Enough. I've had enough with Gentoo breaking itself on each emerge. The snapping point was an upgrade of Bind which took down my master DNS.
I'll keep Gentoo for specialist purposes - e.g. I believe it makes an excellent hosting platform which has only Apache/PHP/Python/MySQL installed [1]. However for my personal do-everything, install-the-lot server it has to go. The attraction was the ability to stay fairly bleeding edge with portage and to tune compilation, but it hasn't worked out. FreeBSD provides the same sort of functionality in 'ports' which I've never had a significant problem with, so it is shame that same robustness hasn't continued in Gentoo. But the BSD and Linux worlds are quite different.
I'm building a new server and it will run Ubuntu server. I've been quite impressed with its install process so far.
I was going to go with CentOS, however RHEL 6 is out and so I'd want to run CentOS 6, but that is not in sight yet. In business, we run CentOS for development and RHEL for production hence I was keen to stick with it.
I'll have to learn how to use apt-get though, after all these years of urpmi, rpm, emerge and yum.

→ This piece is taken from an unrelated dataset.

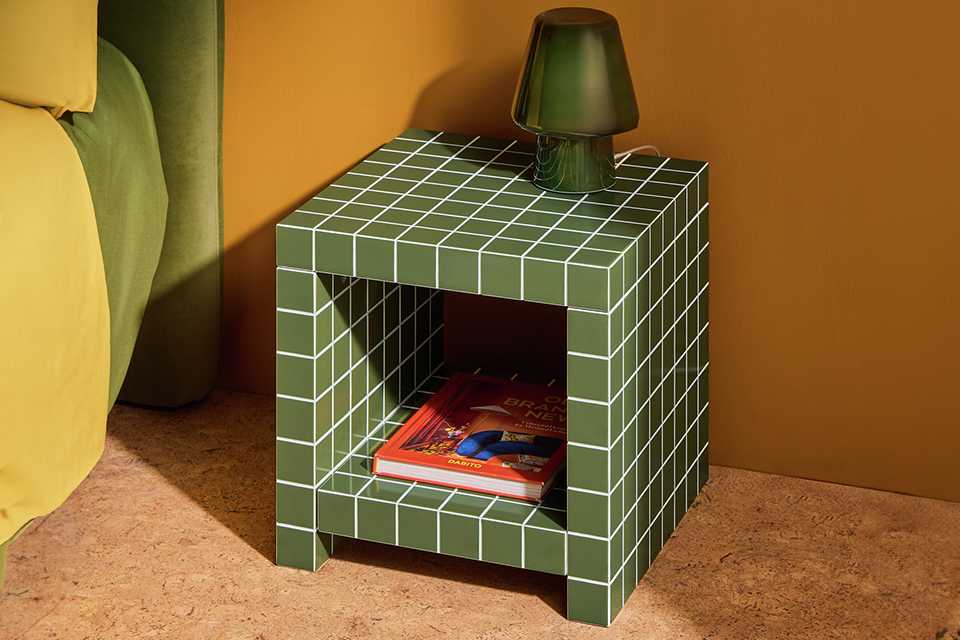 A green Habitat table lamp placed on a bedside table.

Oh, and good old 'make install'.
The hardware I run is somewhat overdue a good upgrade, and a recent disk failure through bad sectors underlined that. I'm taking the opportunity to slowly migrate to a faster machine and to take advantage of 2x2TB disks rather than 4x320GB disks. Disk technology itself is much better too - I'm getting 100MB/s rather than 50MB/s on the 320GBs.
[1] I would however much prefer FreeBSD, which is lightweight, flexible, secure and very robust. But Slicehost didn't support it when I signed up - which is expected due to the way they provide virtualised servers (with Xen, I believe).